### WHAT YOU SHOULD DO
Reproduce the listing that follows in full. Omit its images.

### GIVEN MATERIAL
################

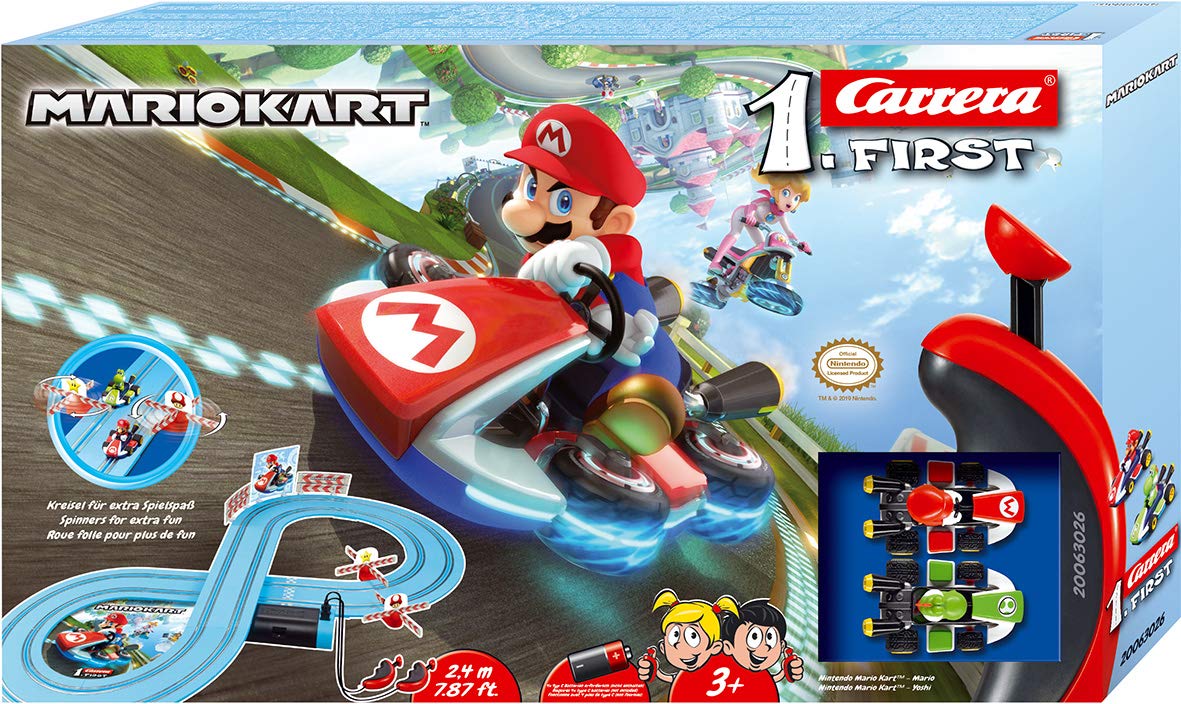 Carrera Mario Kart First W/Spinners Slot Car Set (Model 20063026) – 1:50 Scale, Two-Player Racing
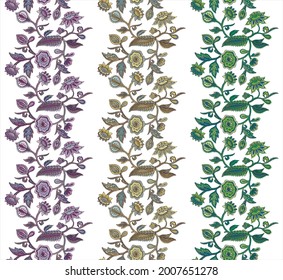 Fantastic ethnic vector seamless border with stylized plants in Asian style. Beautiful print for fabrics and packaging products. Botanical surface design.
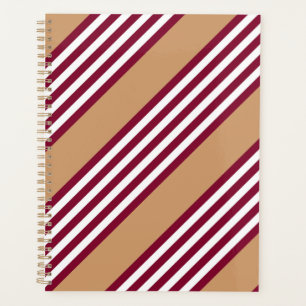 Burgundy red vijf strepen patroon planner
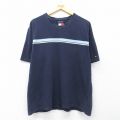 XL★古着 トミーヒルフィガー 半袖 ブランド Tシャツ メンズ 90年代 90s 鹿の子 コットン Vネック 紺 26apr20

################

### OUTPUT OF THE EXERCISE
 Carrera Mario Kart First W/Spinners Slot Car Set (Model 20063026) – 1:50 Scale, Two-Player Racing
 Fantastic ethnic vector seamless border with stylized plants in Asian style. Beautiful print for fabrics and packaging products. Botanical surface design.
 Burgundy red vijf strepen patroon planner
 XL★古着 トミーヒルフィガー 半袖 ブランド Tシャツ メンズ 90年代 90s 鹿の子 コットン Vネック 紺 26apr20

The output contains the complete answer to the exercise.